From The Australian on Saturday:
“I’m saying that Greece manipulated data and I think this is manipulation of data too,” Professor Pagan said at a Melbourne Institute conference on the IGR in Canberra yesterday.
His allegation provoked a furious response from Treasury’s head of macroeconomics, David Gruen. “We didn’t make it up,” he said.
Oh really? More spin from budget paper no. 1 this week:
The Carbon Pricing Mechanism is expected to raise $24.7 billion in receipts over the forward estimates. The receipt estimates incorporate a carbon price for 2015-16 of $29, based on Treasury modelling in Strong Growth, Low Pollution.
The reality:
European carbon prices have been trading near record lows below $10 and some leading analysts, including Bloomberg New Energy Finance, predict that the carbon price will stay low and remain close to the $4 mark by 2020.
To be honest you should leave economic concepts alone as you have little understnding of them.
The key two forecasts for the budget are nominal GDP growth and terms of Trade. They both err on the highly conservative side.
Any talk of Greece and Asutralia is simply bollocks
Ok mate whatever. Way to introduce a non-sequitur. I did not mention nGDP or ToT.
My basic point is that the budget is not a disinterested analysis of the economy, it is put through a political filter … and that holds whether Labor or the Coalition is in power.
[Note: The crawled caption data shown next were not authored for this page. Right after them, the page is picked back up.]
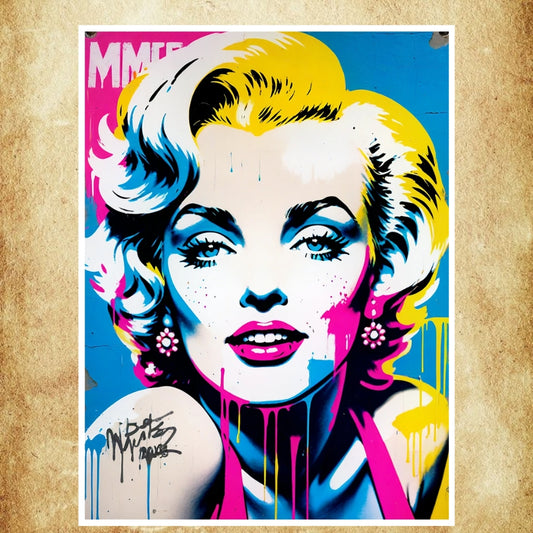 Affiche Street Art Marilyn Monroe – Une Icône Glamour et Rebelle 🌟🎨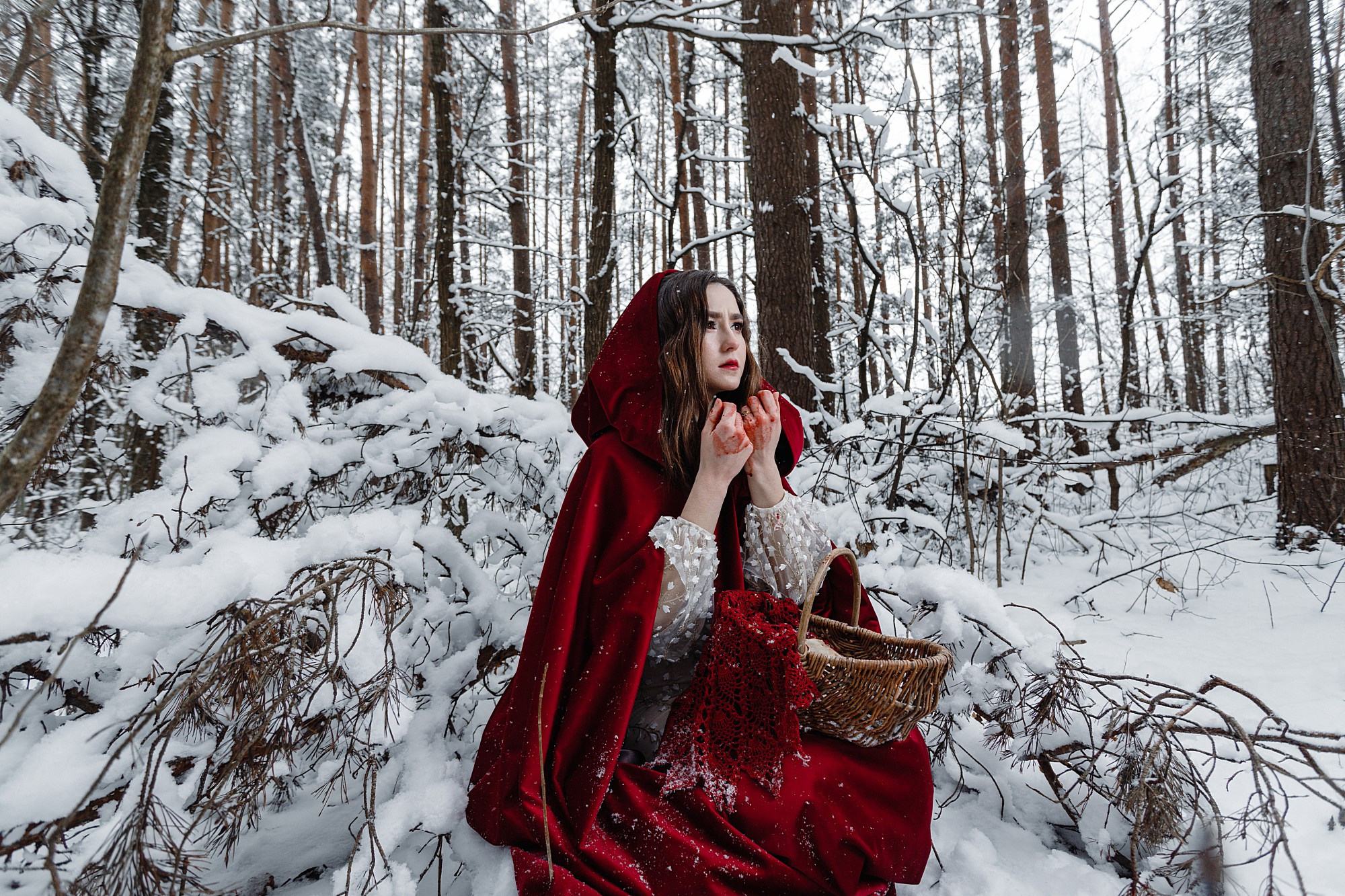 Красная шапочка. Боченков Вадим | Фотограф в Пскове и Санкт-Петербурге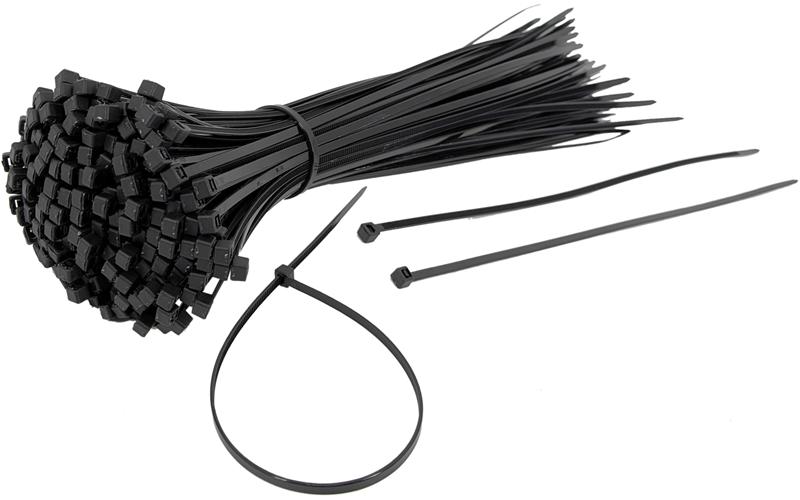 Cable Zip Ties Black 3.6×300mm (100 Pcs)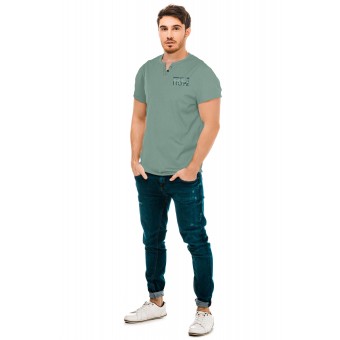 Футболка  мужская       из кулирки       синяя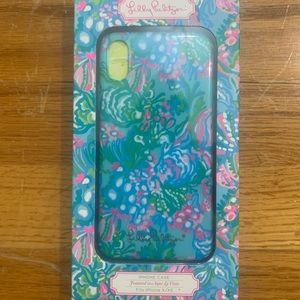 Lilly Pulitzer Aqua La Vista iphone case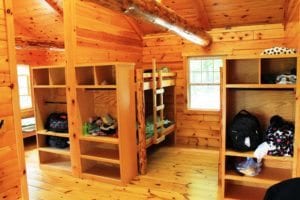 Summer Camp Cabin Interior - South Mountain YMCA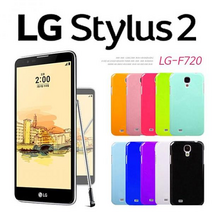 LG 스타일러스2 프리미엄 컬러 젤리 케이스 F720, 블랙, 없음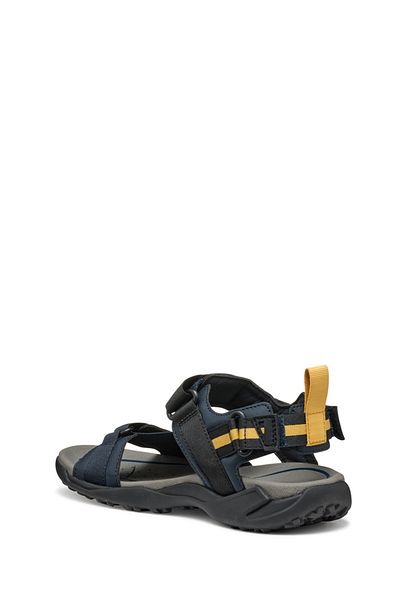 Geox Navy Blue Men's Sandals - U Terreno, Grip B Te, Nbk Sy, Double Strap Fabric, U4550B011Ekc4002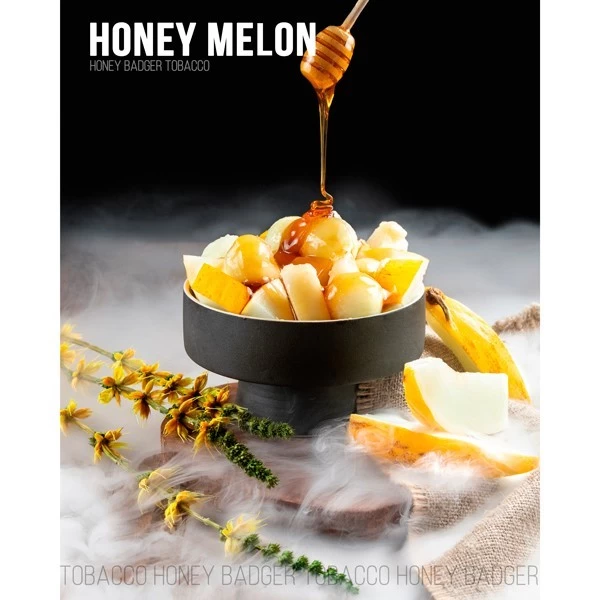 Табак Honey Badger Mild Line Honey Melon (Мед Дыня) 250гр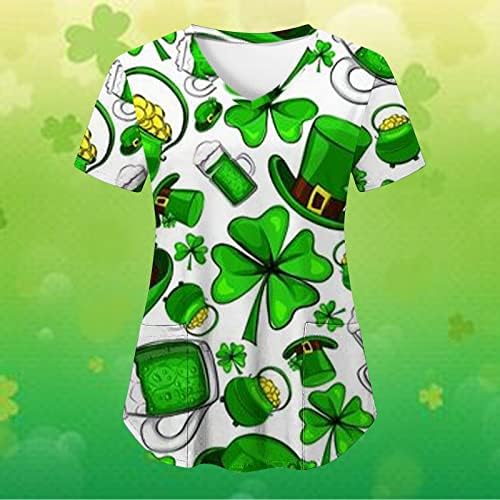 Camisa do dia de St. Patrick Women Workout Tops T-deco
Do you think $29 is Treasury’s prediction of the carbon price in 2015-16 or the government’s?
The problem with this government is that they have so often used Treasury as a human shield rather than just make their own arguments and defend them.
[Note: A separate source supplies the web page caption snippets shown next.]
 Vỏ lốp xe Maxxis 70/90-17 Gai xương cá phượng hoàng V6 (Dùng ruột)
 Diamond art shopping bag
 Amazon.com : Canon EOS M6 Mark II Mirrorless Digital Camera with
Someone said to me once that Costello would advice his junior ministers “never use a Treasury brief to win an argument.” Swan and Wong could take that advice a bit more information.
Are low carbon prices an indicator of policy success?
http://www.forbes.com/sites/timworstall/2012/02/18/low-carbon-credit-prices-are-a-sign-of-success-not-failure/
There is a lot that can happen until 2015/16.
Both nominal GDP and TOT are more important to the budget’s bottom line than that.
Are you assuming permanent recession in Europe and no attempt to roll back the excess permits?